どういうプレイヤーが勝つボードゲームが好きか

 ボードゲームをカテゴリーに分けるときには、システムで分けたり、テーマで分けたりします。同様に、そのゲームを得意なのはどういう人間かでボードゲームを分類することもできるでしょう。例えば神経衰弱なら記憶力の良い人が強いゲーム、という具合です。
 思いつくものをいくつか上げると、記憶力の他に、計算力がある人が強いゲーム、指先の器用な人が強いゲーム、咄嗟の判断ができる人が強いゲーム、相手の考えを読むのが得意な人が強いゲーム、数多いリソースを管理できる人が強いゲーム、交渉が得意な人が強いゲーム、などでしょうか。まだ他にもあるでしょう。
 交渉の例について書くと、これは特に三人以上でプレイするゲームにおいて、他のプレイヤーとの「自分は○○をするのでそちらは○○をして下さい」などの会話によって、自分に有利に事態を運べるようなゲームを指します。これについて、交渉でゲームが大きく動きすぎることに文句が出ることがあります。プレイヤーの交渉力で勝敗が決まるのなら、ルールは関係ないじゃないか、というわけです。しかしこれはもちろん的を得ていません。それは交渉力を問うゲームなのです。例えば指先の器用さが問われるゲームにおいて、指先の器用さで勝敗が決まるのならルールは関係ないじゃないか、と言っても的を得ていないのと同じです。
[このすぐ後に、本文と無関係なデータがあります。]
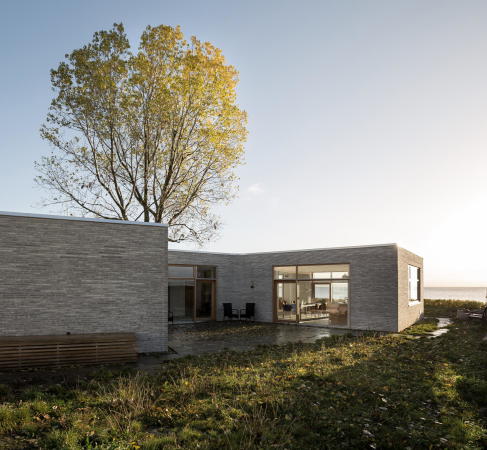 Baunetz, Architektur, architecture, Aarhus, Strand, beach, Denmark, Dnemark, Villa, Wohnhaus, Einfamilienhaus, skandinavischer Stil, Wald, wood, Midtjylland, Kulturhaupstadt Europa 2017, Kulturhauptstadt, ADEPT, Jacob Lerche, visitAarhus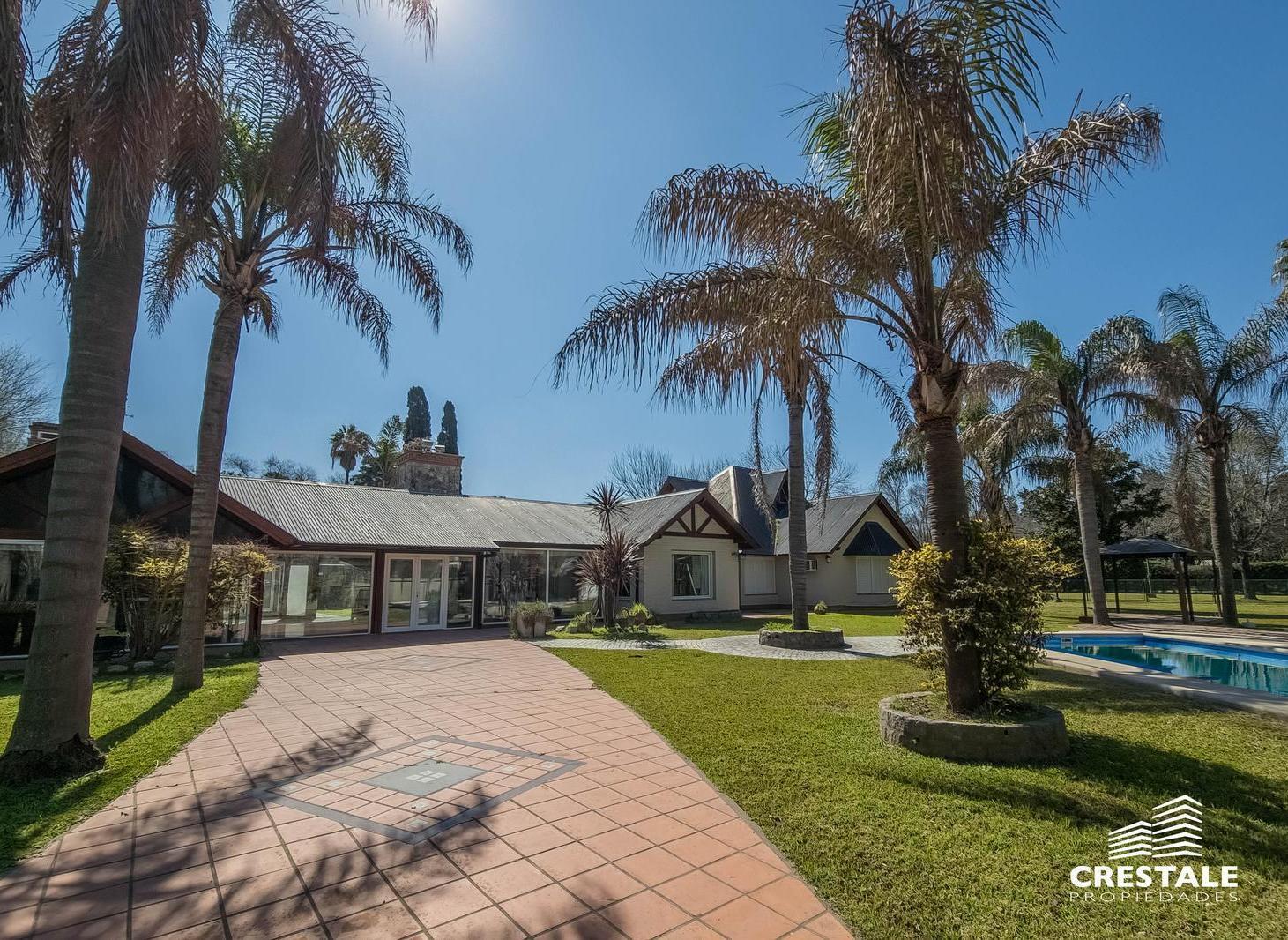 Foto de Venta / Permuta - Casa 3 dormitorios con complejo deportivo privado, imagen 1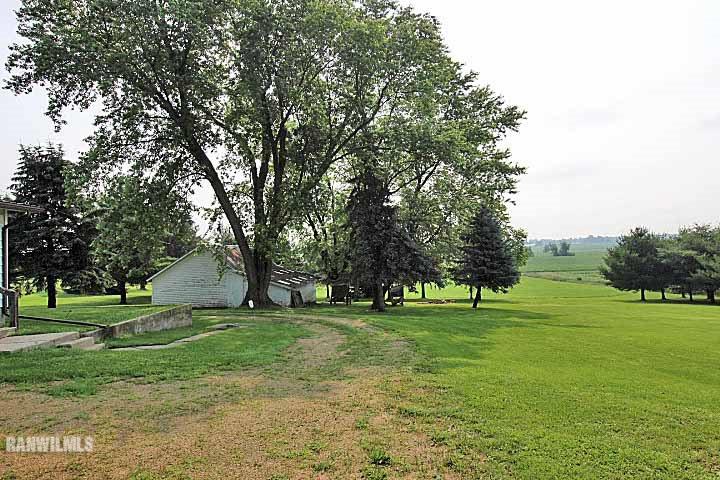5347 West Richland Road Freeport, IL 61032 - Photo 3 of 20 a view of a park with large trees
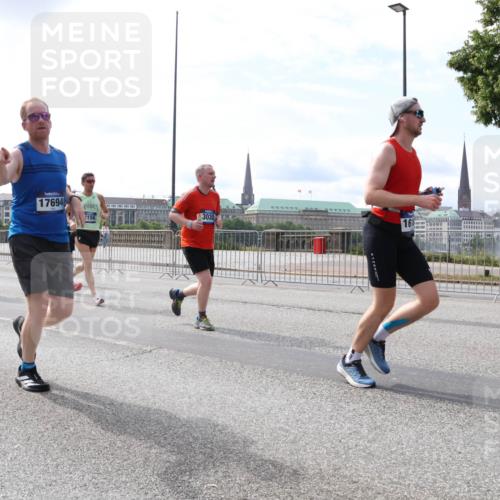29.06.2025 - hella hamburg halbmarathon Lena Gebhardt http://msf.ph/oto/8404457 29.06.2025 10:16:31 Lombardsbrücke 13220, 3484, 17694, 156, 3030, 16, 1117, 1212, 1240, 1244, 1308, 1599, 1825, 2071, 2165, 2347, 2803, 2835, 2912, 3030, 3088, 3134, 3156, 3176, 3484, 3648, 3687, 4478, 4583, 4637, 4828, 5036, 5037, 5046, 5294, 6024, 6488, 6742, 6941, 7158, 7358, 7753, 8169, 8274, 8295, 8317, 8597, 8619, 8645, 8707, 8847, 8857, 9091, 9208, 9332, 9492, 9601, 9628, 9664, 9676, 9802, 9810, 9881, 10076, 10107, 10139, 10141, 10183, 10232, 10292, 10844, 10990, 11344, 11345 meine-sportfotos.de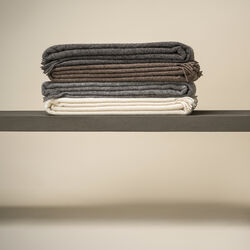 Samsø Throw, 00120 gotland brown, Silkeborg Uldspinderi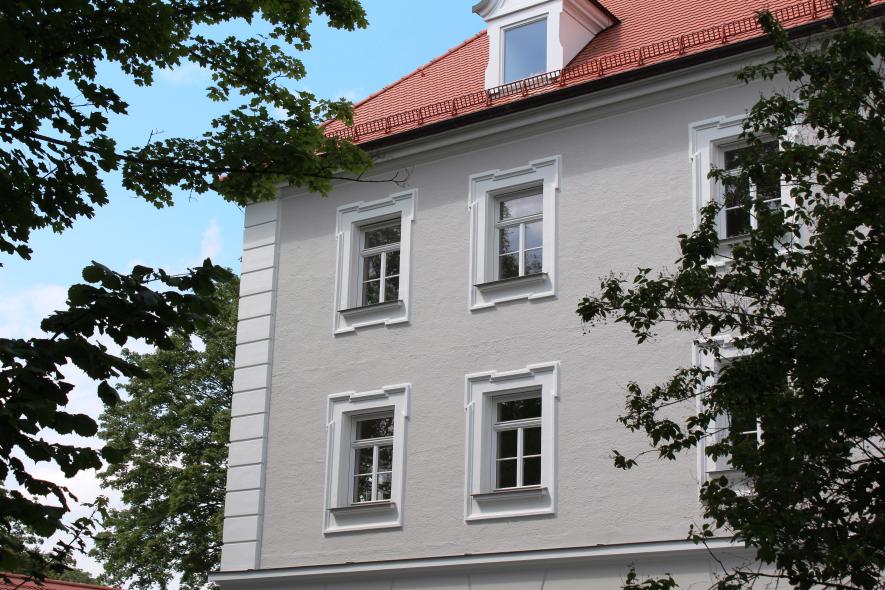 PaXretro68 Fenster aus Lärche für Neoklassizistisches Wohngebäude in Amberg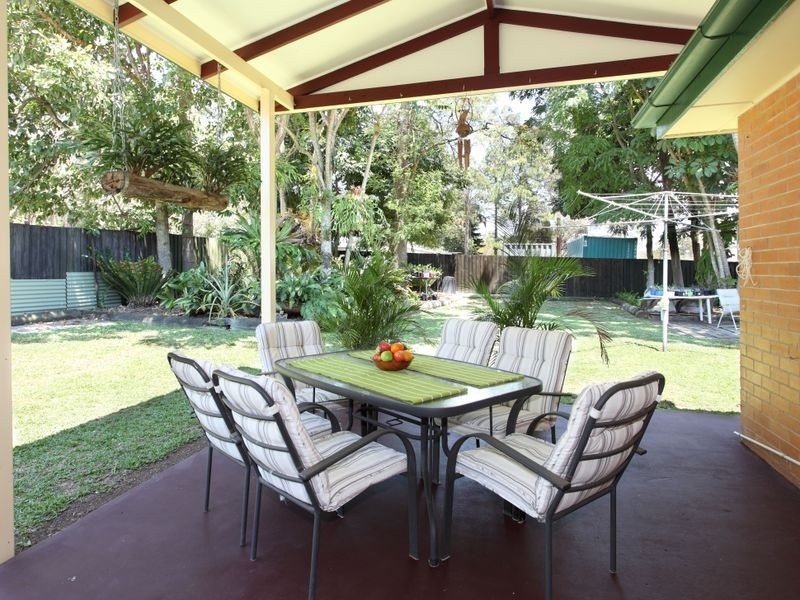 241 Redland Bay Rd, Capalaba QLD 4157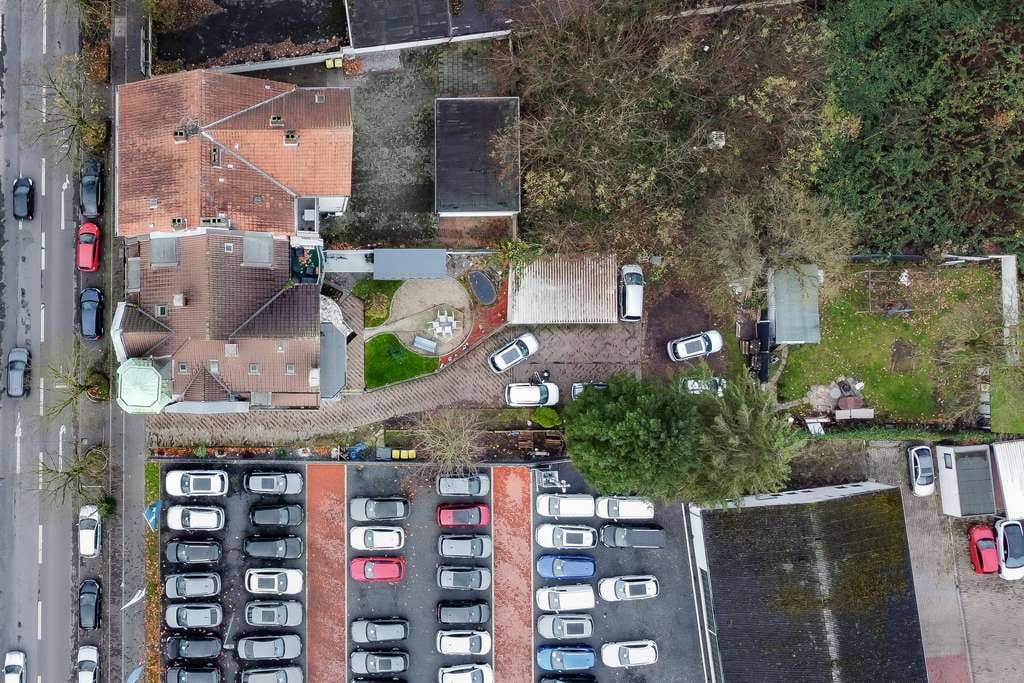 Immobilie in Recklinghausen - 4 Einheiten – 3 Garagen – 1000 m² Grundstück - Bild 4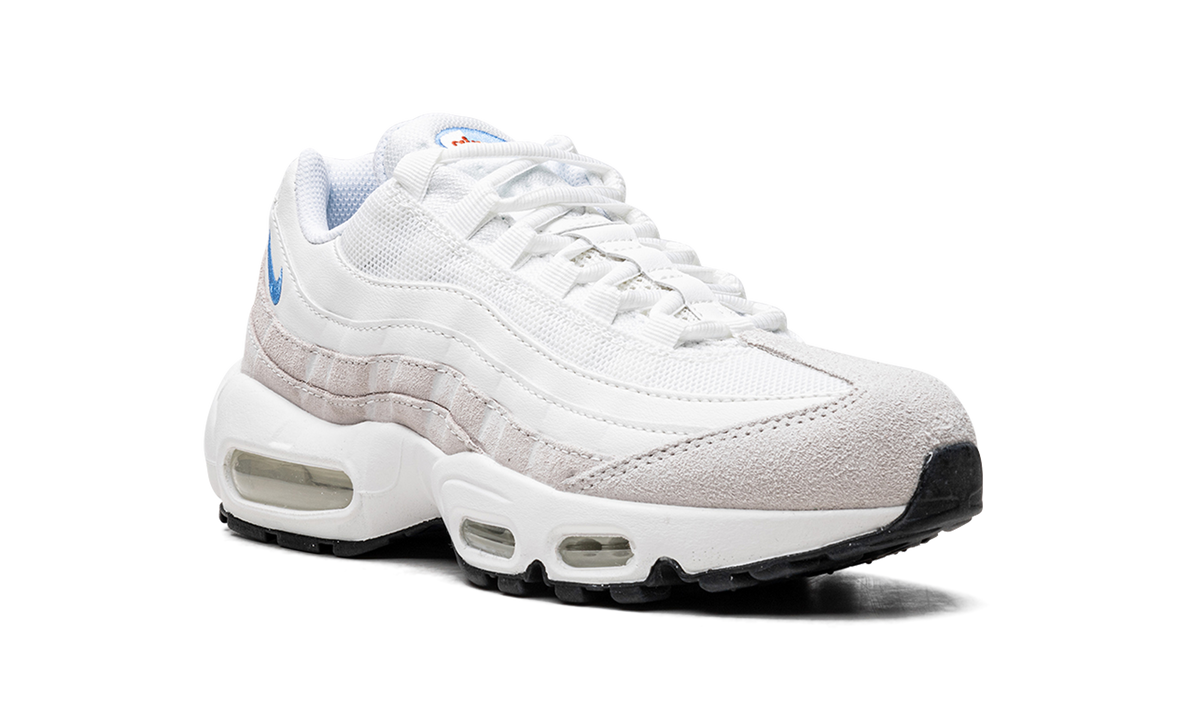 Women's AIR MAX 95 MNS "Summit White University Blue" DJ9981 100 - product image from the listing.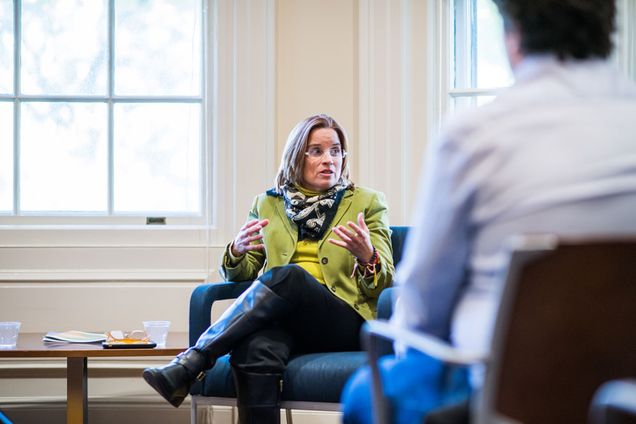 San Juan Mayor, Carmen Cruz, speaks to a group of students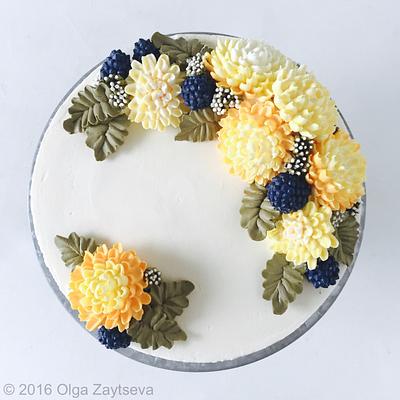 Buttercream chrysanthemums and berries cake  - Cake by Olga Zaytseva 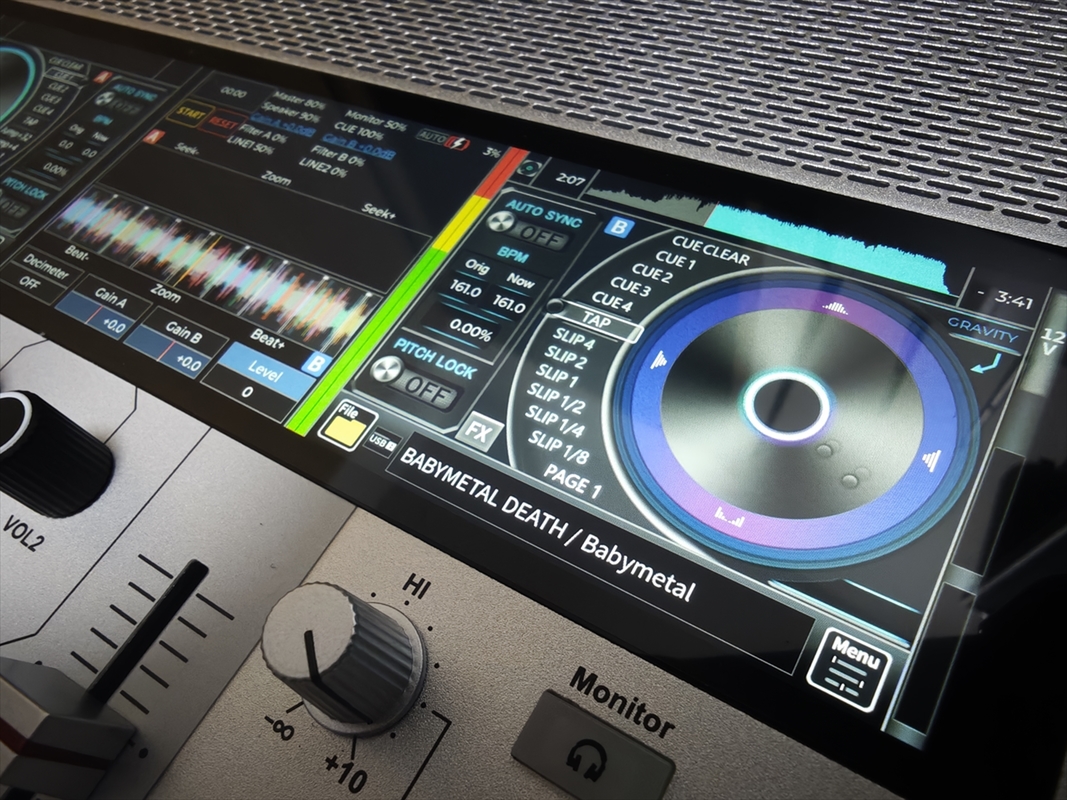 バッテリー＆スピーカー内蔵でこれ1台でどこでもDJ！ こだわり抜かれた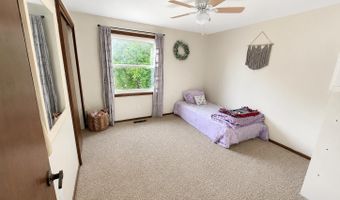 1102 Heritage Ln, Angola, IN 46703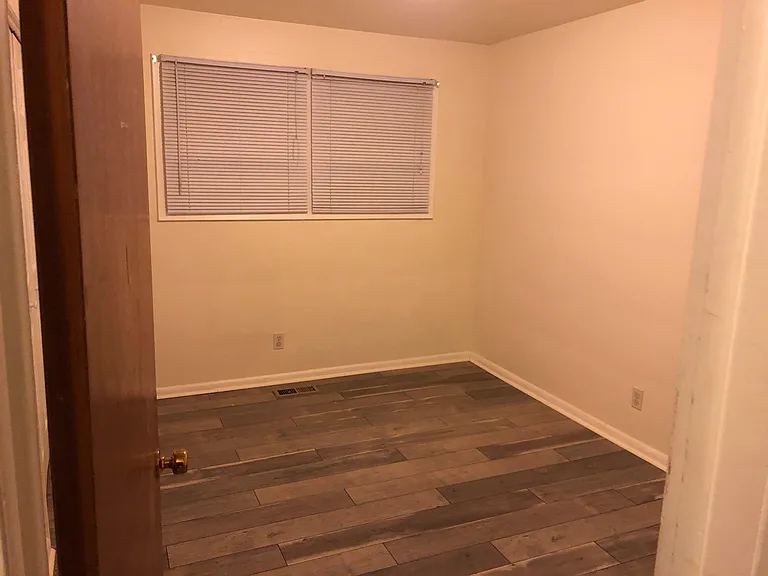 1313 Broadway St SW — Photo 5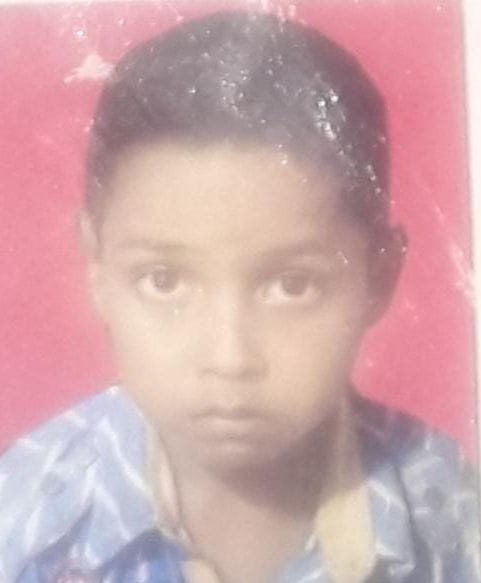 Boat capsized in Gomti, one child died, two survived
 ゲームの好き嫌いにはもちろん個人の好みがあります。交渉ゲームが好きな人もいれば、リソース管理ゲームが好きな人もいます。この文章のポイントは、どういうゲームが好きか、は、どういう人が勝つボードゲームが好きか、ということであるという点です。交渉ゲームが好きというのは、交渉が得意な人が勝つゲームが好きということです。計算が必要なゲームが好きというのは、計算力がある人が勝つゲームが好きということです。運の要素が強いゲームが好きというのは、運のいい人が勝つゲームが好きということです。
 自分の好きなタイプのゲームを思い出して、それはどういう人が勝つゲームかを考えてみるのは面白いでしょう。それは、ゲームではどういう人に勝って欲しいか、ということでもあります。暗記力が強い人が暗記力が弱い人に勝つゲームは面白いか面白くないか、それは、暗記力というものを人の能力のどこに位置づけるかによって変わってくるでしょう。例えば、身長の高い人の方が有利なボードゲームがもし仮にあったとしたら、それはあまりフェアなゲームとは言えないような気がします。暗記力があると有利、という条件は、それと同じと感じられるしょうか、違うと感じられるでしょうか。計算力については、語彙については、反射神経についてはどうでしょう。
 そして、あなたが好きなゲームは、自分が得意な、自分が勝てるゲームでしょうか? それとも?